# What size sanding abrasive works best for pen turning?



## vwnw (Feb 13, 2010)

Hi gang,  
I know that when I turn pens I use mostly 2" or 2 3/8" discs and SIASOFT foam backed sanding abrasives.  I can tear or cut the SIASOFT into whatever lengths I want.  For the higher grits I go with my SIAAIR 3" discs with foam padding on the back and those go up to 4000 grit and then my micro mesh products after that!  

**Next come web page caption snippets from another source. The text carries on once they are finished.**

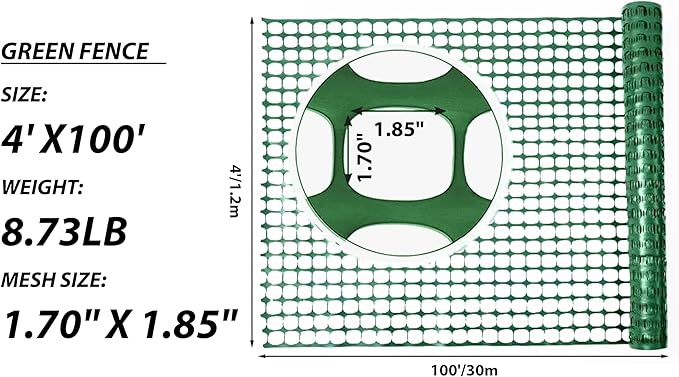 PotatoLife Plastic Mesh Fence Safety Fence, 4'x100' Roll with 100 Zip Ties, Resuable Temporary Netting for Garden Fencing, Construction, Snow Fencing, Animal Barrier, Poultry, Deer, Patio, Green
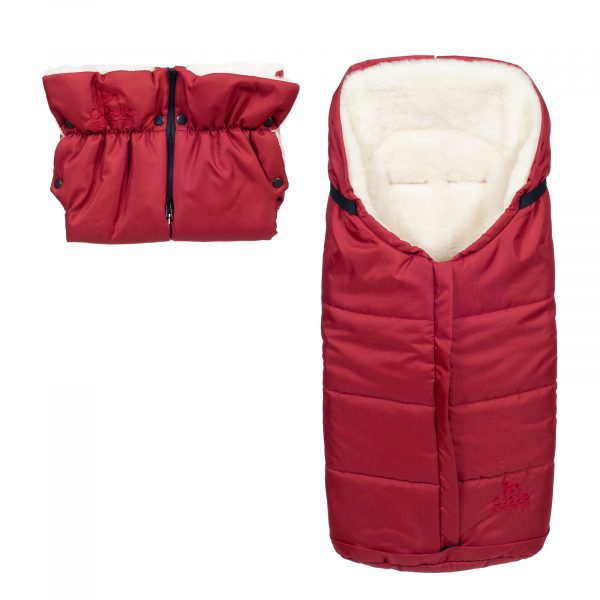 SET-Iceland-tmave-cerveny Sac de iarnă impermeabil Iceland wool, lână de oaie + Mănuși pentru cărucior impermeabile - Roșu închis - imagine 1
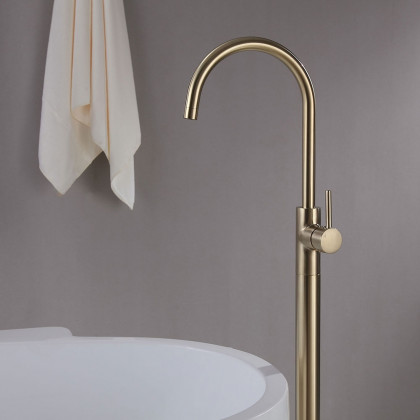 HMR - Brewst Floor Mounted Spout Faucet in Brass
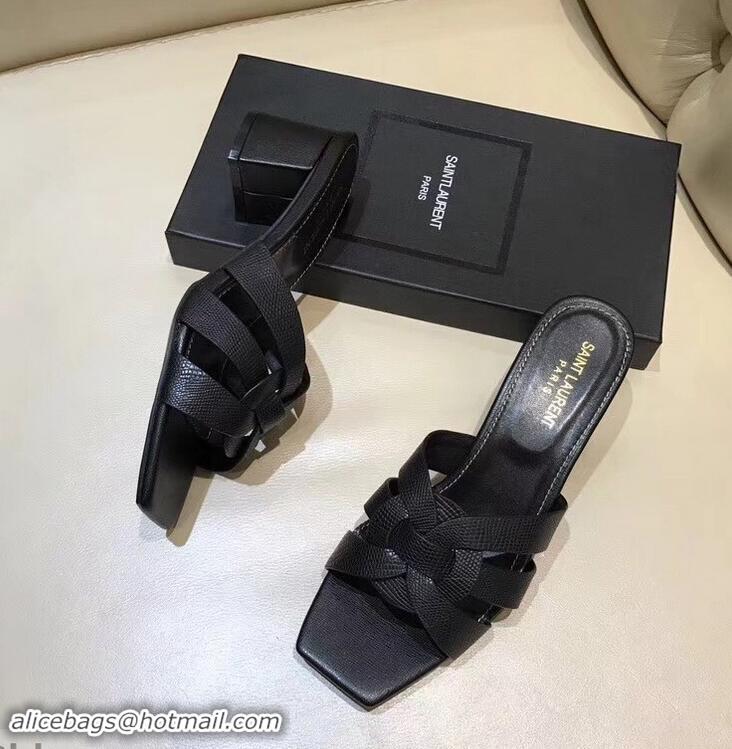 Imitation Saint Laurent Lizard Textured Heel Slide Sandal In Leather With Intertwining Straps Y83618 Black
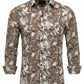 Vintage-Inspired Men's Earth Tone Marble Print Button-Down Shirt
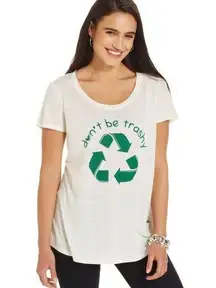 Style & Co . Women's Recycle Logo DON'T BE TRASHY T-shirt NWT Size XL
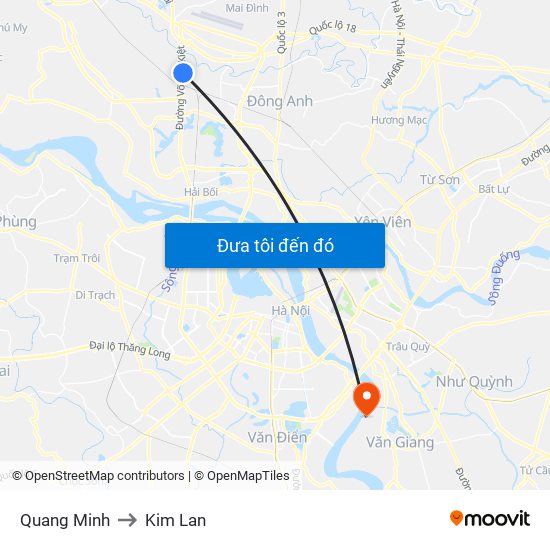 Quang Minh to Kim Lan map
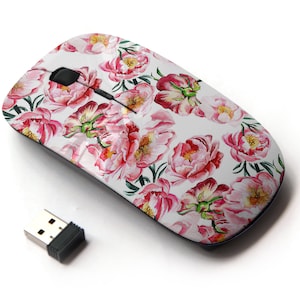 Hermoso patrón de impresión floral de peonías rosas : ratón inalámbrico, ratón óptico portátil 2.4G con receptor Nano USB para niños, niños.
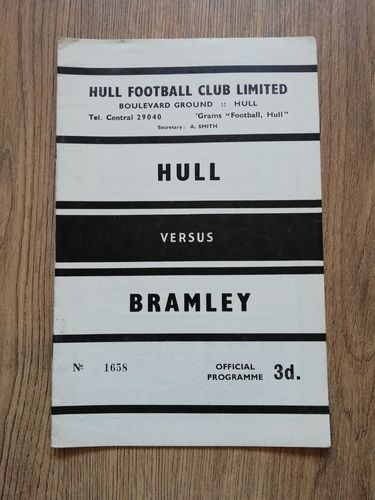 Hull v Bramley Sept 1962 Rugby League Programme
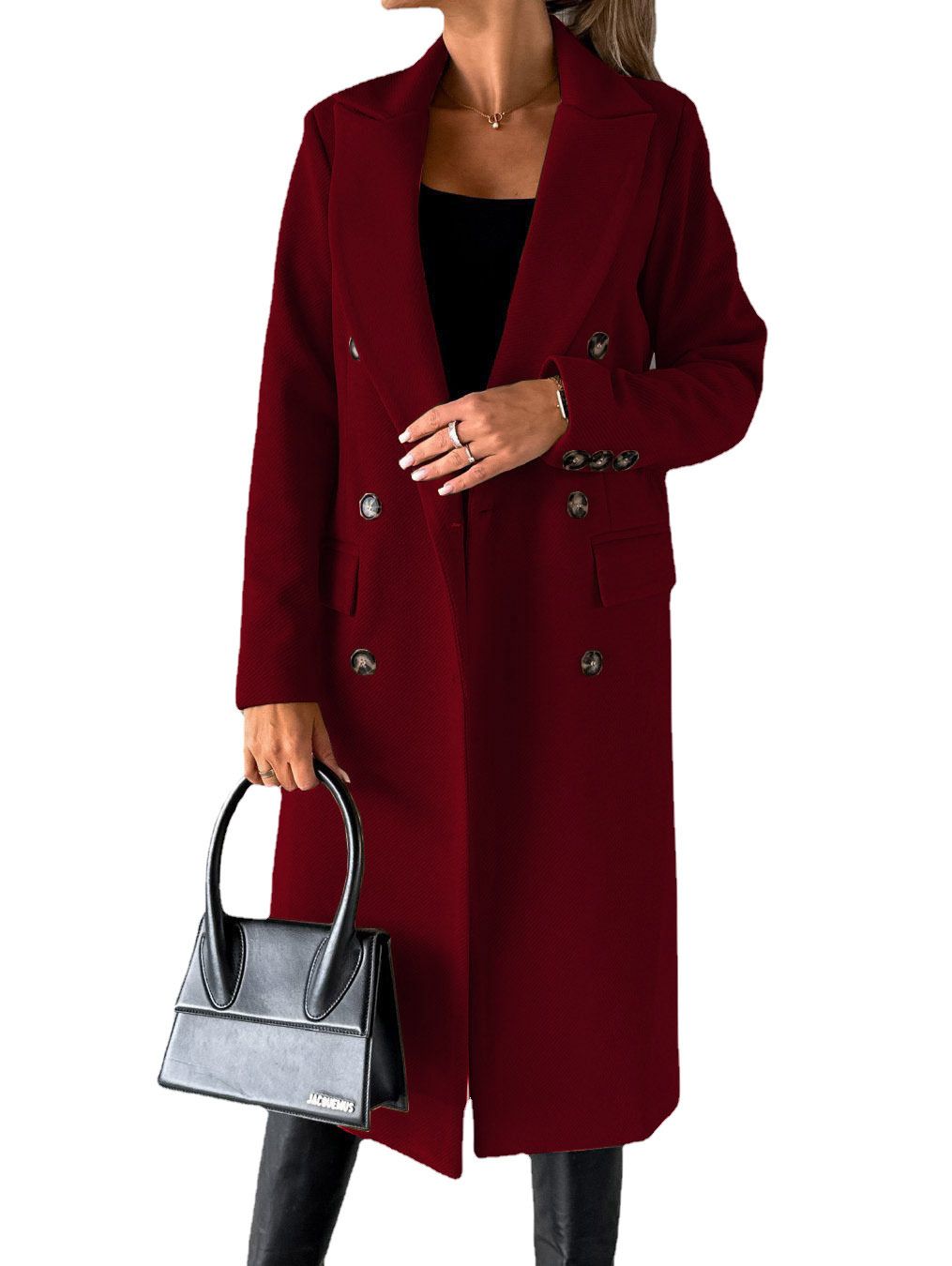 New foreign trade women's long-sleeved lapel solid color double-breasted slim jacket coat, multi-color optional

However, I was wondering what size sanding abrasives other people use to sand their pens and other small projects?  I am going to create a starter kit for Pen Turners that would be useful to Pen Turners supplying what you need most.  Please let me know what you use so I can be effective in this process.
Vince
www.VincesWoodNWonders.com


----------



## Mack C. (Feb 15, 2010)

vwnw said:


> Hi gang,
> I know that when I turn pens I use mostly 2" or 2 3/8" discs and SIASOFT foam backed sanding abrasives. I can tear or cut the SIASOFT into whatever lengths I want. For the higher grits I go with my SIAAIR 3" discs with foam padding on the back and those go up to 4000 grit and then my micro mesh products after that!
> 
> However, I was wondering what size sanding abrasives other people use to sand their pens and other small projects? I am going to create a starter kit for Pen Turners that would be useful to Pen Turners supplying what you need most. Please let me know what you use so I can be effective in this process.
> ...


 
But where's the poll?, or are you just looking for hits on your web site?


----------



## randyrls (Feb 15, 2010)

Vince;  I usually just cut sheets into 3/4" strips.  I use regular sandpaper in 150 grit and wet/dry paper in 320, 400, 600, 1000, 2000 grits. 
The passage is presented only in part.